EXERCISE - Your copy of the listing must be exact and must hold no images.

PROVIDED DATA -
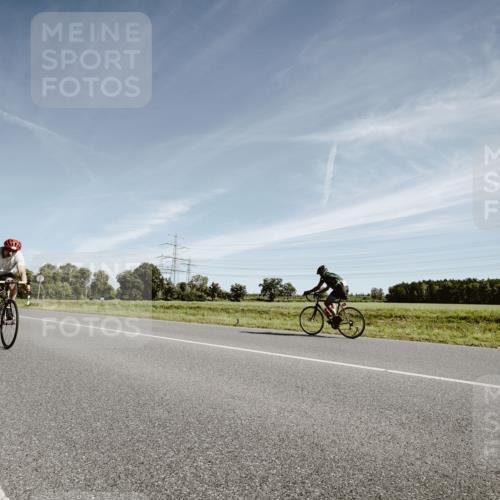 07.09.2025 - 19. Norderstedt Triathlon Michael Burmester http://msf.ph/oto/8852577 07.09.2025 11:36:39 Radfahren 826, 849 meine-sportfotos.de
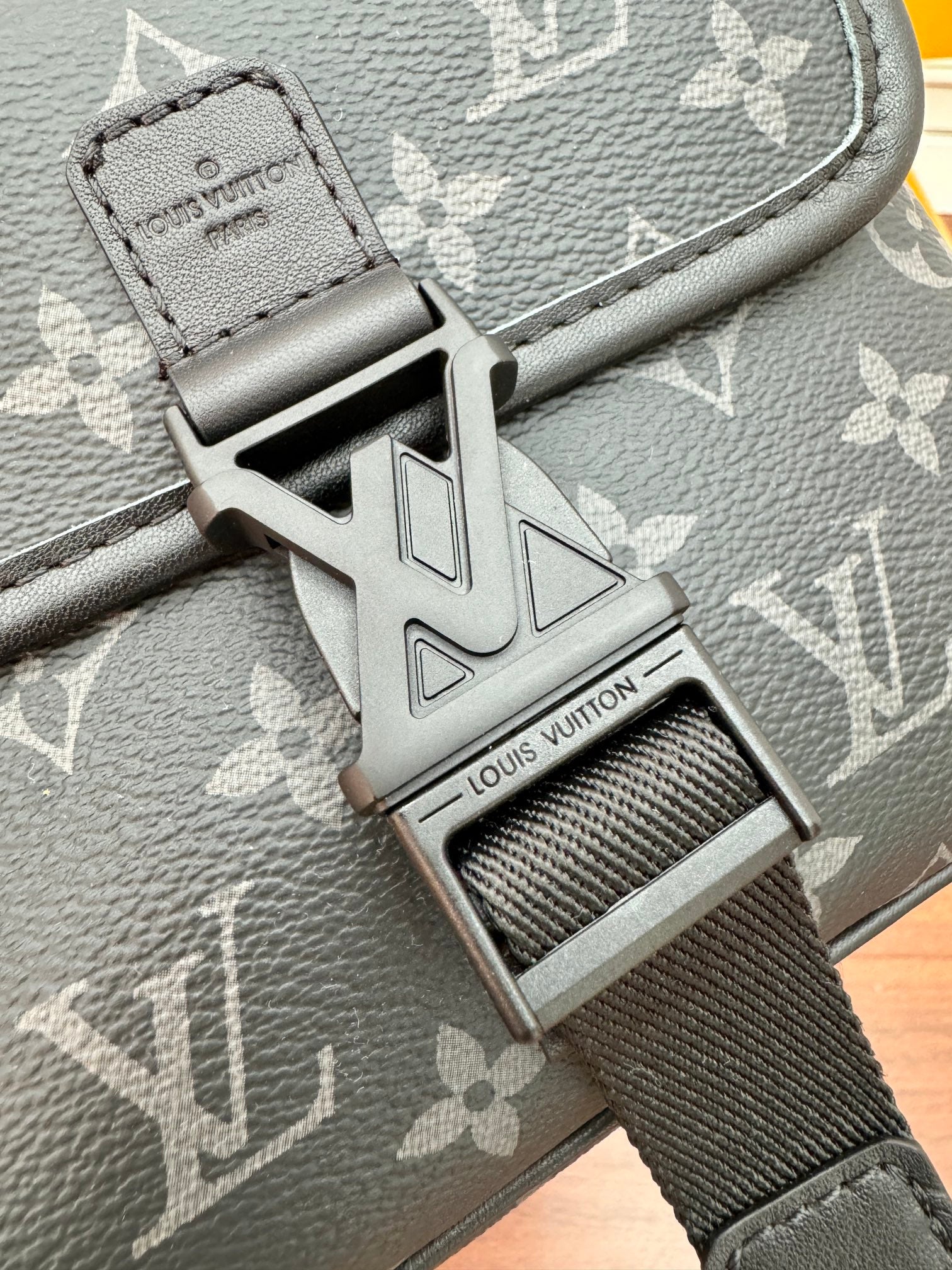 LuxluxHouse Best Quality Bags Best Louis Vuitton Men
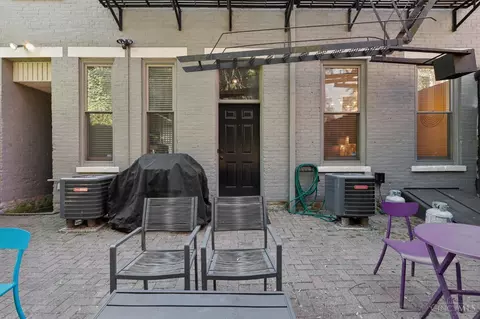 Exterior - 320 Mulberry St, Cincinnati, OH 45202 photo 7 of 12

ANSWER TO THIS EXERCISE -
 07.09.2025 - 19. Norderstedt Triathlon Michael Burmester http://msf.ph/oto/8852577 07.09.2025 11:36:39 Radfahren 826, 849 meine-sportfotos.de
 LuxluxHouse Best Quality Bags Best Louis Vuitton Men
 Exterior - 320 Mulberry St, Cincinnati, OH 45202 photo 7 of 12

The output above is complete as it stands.